On Nov. 13, nine buses carrying the first large wave of about 350 asylum seekers from the Central American migrant caravan arrived in Tijuana.
Michelle Arandas’ mother and stepfather are both Customs and Border Protection agents assigned to the El Paso ports of entry. However, on Nov. 15, Aranda had to drop them off at the airport, where they joined other El Paso CBP officers in boarding a plane to Nogales, Ariz. Their deployment came in response to the migrant caravan approaching the Arizona border. Arandas’ parents have since been relocated to the San Diego border after it became clear that was the caravan’s destination.
Aranda, whose surname is different from that of her mother and stepfather, says that her parents were warned of their possible deployment five days in advance and received confirmation of their deployment two days in advance.
“My mom was definitely nervous. She started packing right away as soon as they gave her the five-day warning. You could also tell the he was kind of nervous when we were on our way to the airport,” Aranda says.
The holidays for the Aranda family have always been offbeat, usually celebrated a week in advance or a week after the actual holiday because the parents have to work most holidays.
“We’re kind of used to the holidays not being ideal,” she says.
However this is the first time that they didn’t get to celebrate Thanksgiving together. Aranda, who is pregnant, also says her parents’ deployment meant they missed her first ultrasound and will likely miss the gender reveal party, as they aren’t expected to be able to return home until after January.
With both parents deployed, Aranda has taken on the responsibility of taking care of her 13- and 15-year-old sisters. Despite their family being somewhat used to their parents’ work schedule, Aranda says they have had to make some adjustments to stay connected with their parents in their absence.

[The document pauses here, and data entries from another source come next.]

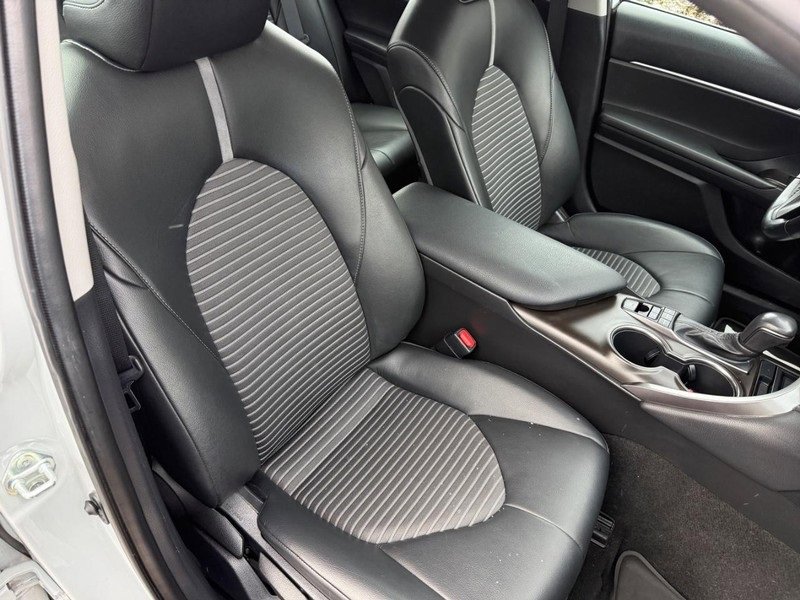 Used 2022 Toyota Camry SE image 11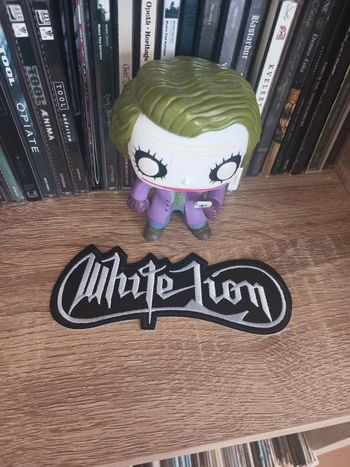 Patch White Lion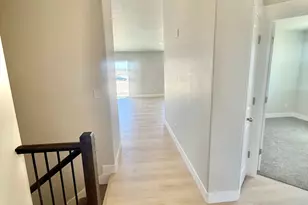 2338 E Sego Liliy Dr, Eagle Mountain, UT 84005 - Photo 14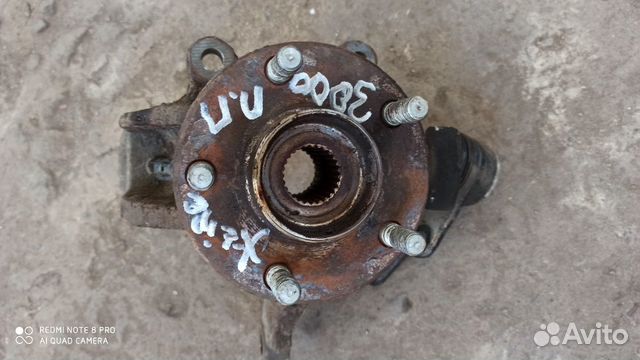 Поворотный кулак п.п Jaguar x-type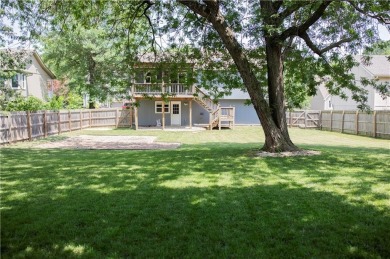 Welcome to this beautiful, 3 bedroom, 2.5 bathroom, move in on Paradise Pointe Golf Complex in Missouri - for sale on GolfHomes.com, golf home, golf lot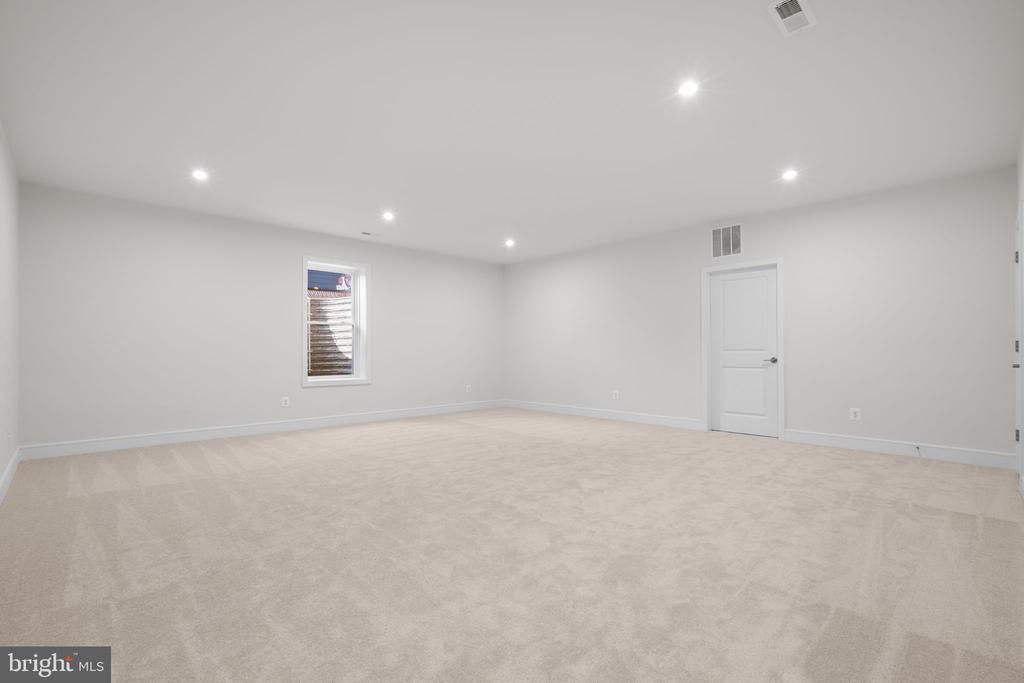 1010 CAPTAIN RICHARDS CT, MARSHALL, Virginia, 3 Bedrooms Bedrooms, ,2 BathroomsBathrooms,Residential,1010 CAPTAIN RICHARDS CT,VAFQ2020690 MLS # VAFQ2020690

“Taking care of, I guess, regular things around the house when it comes to mail, getting the bills and sorting them and sending them pictures of the mail because there’s no way for them to basically see what they’re getting here. Making time to FaceTime with them because their work schedules don’t exactly correlate with our school schedules for the girls or work schedules for us, so that’s pretty much the biggest adjustment,” she says.
When they had first been deployed to Nogales, Aranda’s parents reported feeling restless as not much was happening at that port of entry. Now that her parents are at the San Diego port of entry, Aranda says her own concerns for their well-being have increased.
“I’m afraid that being away from the family too long is going to affect them negatively, and I’m afraid that since they’re going to San Diego, which is one of the busier ports right now and it’s one of the main ports that the caravan is passing through that they’re going to be injured or that something’s going to happen.”
Despite their parents’ efforts to stay in contact through text messages, Aranda and her sisters only get to FaceTime and actually see their parents about once a week. She says she can see the long separation is having an impact on her sisters.
“They try to text us throughout the day. They’ll sometimes even send us some pictures of where they’re working at, what post they’re at while they’re at work. But now that they’re gone and they haven’t seen them in a really long time like, you can tell they miss them. ”
Aranda plans to drive her sisters out to San Diego for Christmas so the family might have some holiday time together.